Sundaze Book Café is the home of everyday magic, joyful living and conversations likely to be had over a hot drink with a friend in your favourite café, capturing the syrup-slow feel and glow of a Sunday. I’m Michelle, and I’ll be your host this Sunday.
Whenever I’m in need of something reliable and comforting, I play Friends in the background. I’m a millennial, duh. For all of its failings, it’s still the TV show that brings me the most joy when things feel uncertain or shaky. And shaky, things are.
Coined by sociologist Ray Oldenburg, a third place is a social space outside of home or workplaces where ‘people can connect with their community’. The best thing about Friends is that the six characters always return to Central Perk no matter the circumstance1. This third place was where Rachel made a beeline for when leaving her fiancé at the altar, it’s where Chandler breaks up with Janice, it’s where everyday mundane conversations take place, and it’s the in-between of the friends’ apartments and their workplaces. Like so many fellow 90s kids, I sort of assumed that I too would enjoy a Central Perk of my own with a bunch of friends to elbow through life with.
For as long as I can remember, I’ve spent my adult life seeking a third space that’d give me the same feeling that watching Friends does. It didn’t have to be a café, but what a revelation that’d have been for my caffeine-addled mind in my twenties. Perhaps it could be a pub or a craft club or an evening-hours bookshop. I came close to finding my third space when I joined a Pilates studio and the gym back in 2016, but the community feel disappeared post-pandemic2.
And, we’re collectively suffering from a loss of community right now. (Isn’t that ironic?) Despite being more technically connected than ever before – the digital age, am I right? – more people feel lonely than ever before. According to the Campaign to End Loneliness, in 2024, ‘approximately 7.1% of people in Great Britain (3.83 million) experience chronic loneliness’, meaning they feel lonely ‘often or always’. We’re hellbent on building communities online because the chance for most offline ones has been taken from us. In the UK, community spaces and projects are regularly defunded, so it feels like it’s up to us to create it ourselves.

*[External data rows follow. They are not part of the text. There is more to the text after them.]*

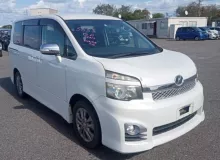 Накладка на крыло TOYOTA VOXY/NOAH 2010/Цвет 070 7690828070 ZRR70W/ZRR70G/ZRR70/ZRR75G/ZRR75W/ZRR75 3ZRFAE, задняя левая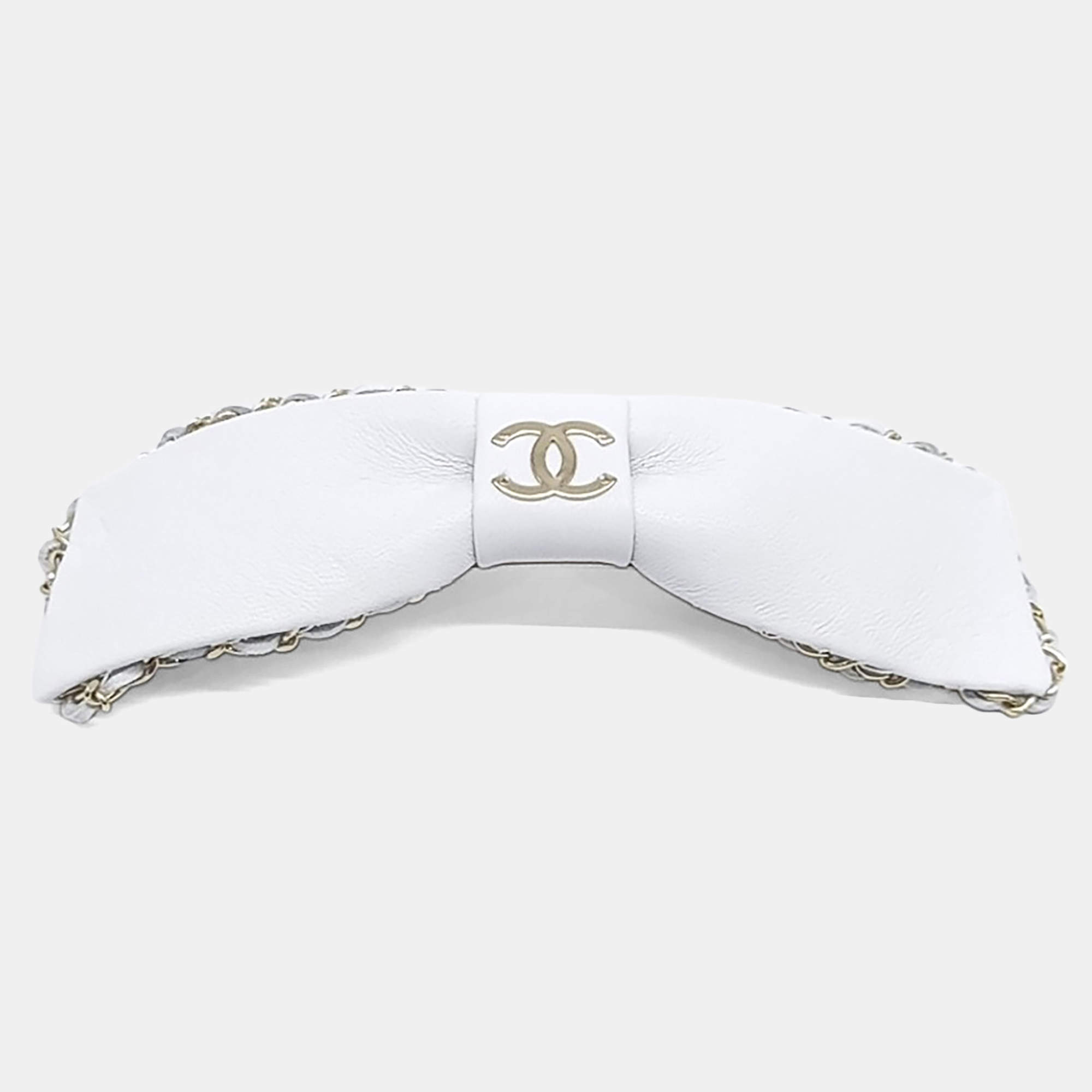 Pre Owned Chanel Leather White Hairpin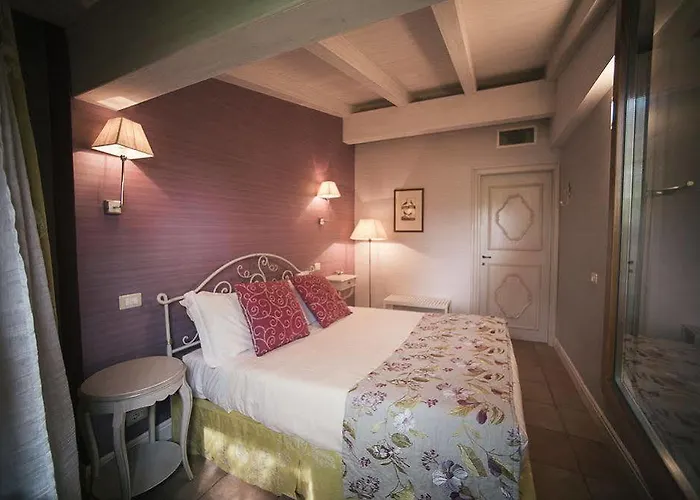 Le Batesine Bed & Breakfast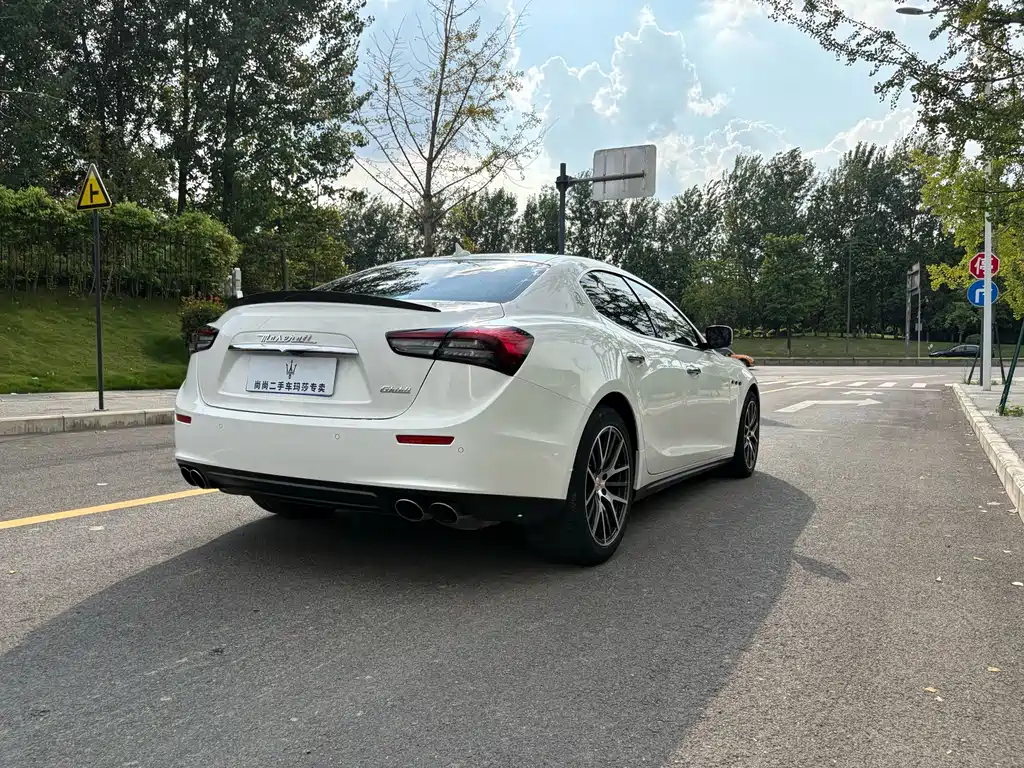 Maserati Ghibli — миниатюра 19
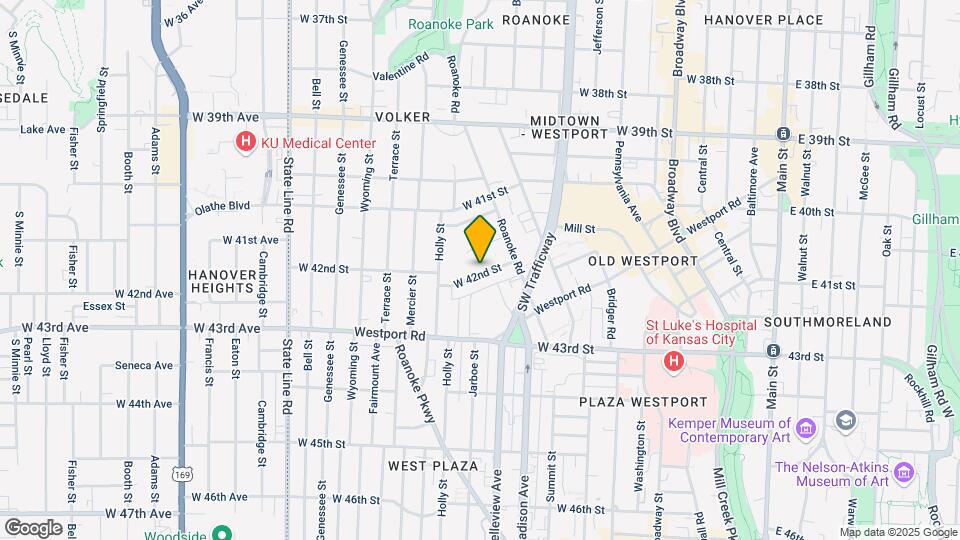 934 W 42nd St Map and Location Details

Somewhere in my quest, I realised that my long-standing blog became my third place. An advantage of social media (for all of its misgivings and awful side effects, which I won’t touch on in this essay) is that is has given all of us a place to openly talk about niche interests, pick up new cosy hobbies and the people to experience them with, voice opinions about important issues, and simply unwind in safe(ish) spaces for us. On a personal level, I’m forever grateful to have built a community through my blog while I was a pretty lonely teenager that’d lost her circle of friends. For me, social media has always been about the community rather than the content, and I’d like to think I’ve only cultivated positive spaces and third places online.
(Perhaps I haven’t.)
In my search for a third place, it’s clear to see thousands of young people and people in their twenties and thirties are wishing for analogue lives, a connection to other people and stories in real life, the ability to see tangible evidence of a life well-lived through journals, photos, scrapbooks. While digital spaces offer a glimpse into this, we need more. Let’s not rely on gazing through the lens of somebody’s GRWM video, or digital journalling for the convenience, or making junk journals to photograph for Instagram. Let’s reconnect in the real world: get ready for a girls’ day out with your friend at the same house, buy a notebook and wreck (my plans, that’s my man 🎵)3 it scribbling thoughts, appointments, memories from the day. Let’s bring back scrapbooks to collect all the whimsy ephemera from all of our days because all of them are important. Let’s support independent businesses that are providing a third place amidst the late-stage capitalism world we find ourselves in. Whether it’s popping to a coffee shop and enjoying a book or video game or natter with the other person sitting solo, or taking a walk to a gorgeous local park, take yourself into the third space by taking out your earphones and encourage a little human connection.
The truth is, we all need a place to be.
The worst thing about Friends is Ross Geller and the extreme lack of diversity.
Likely more words to come in the future about how the pandemic shattered community for so many of us.
Never not sneaking Taylor Swift into any and all of my writing.
Michelle this is such a great read — I guess I’ve always longed for a third place without really realising it. The thing I find difficult is that I live in a village and there are no coffee shops (only pubs, which don’t get me wrong, I love and we do spend a fair bit of time there). The nearest coffee shop is a 10 minute drive away and I feel I’ve always wanted to be somewhere with a place like that within walking distance.
I too, have started to rely on the online community more but still felt that lack of in person interaction. I’ve decided to start hosting my own irl writers brunch I’m looking forward to what connections it will bring 🤍
Loved this, definitely something I feel resonate with. Wherever I’ve lived I’ve always sought out that place of community! I think I’m quite lucky where I’m based now, there’s a lot more of it here than when I was in the city. Although I do feel guilty of not always making the most of it, so easy to put those needs last!
Also, there was a really interesting podcast episode Pandora Sykes did with Corey Keyes about ‘languishing’—it covered a lot of different things but one of them was the need for IRL community.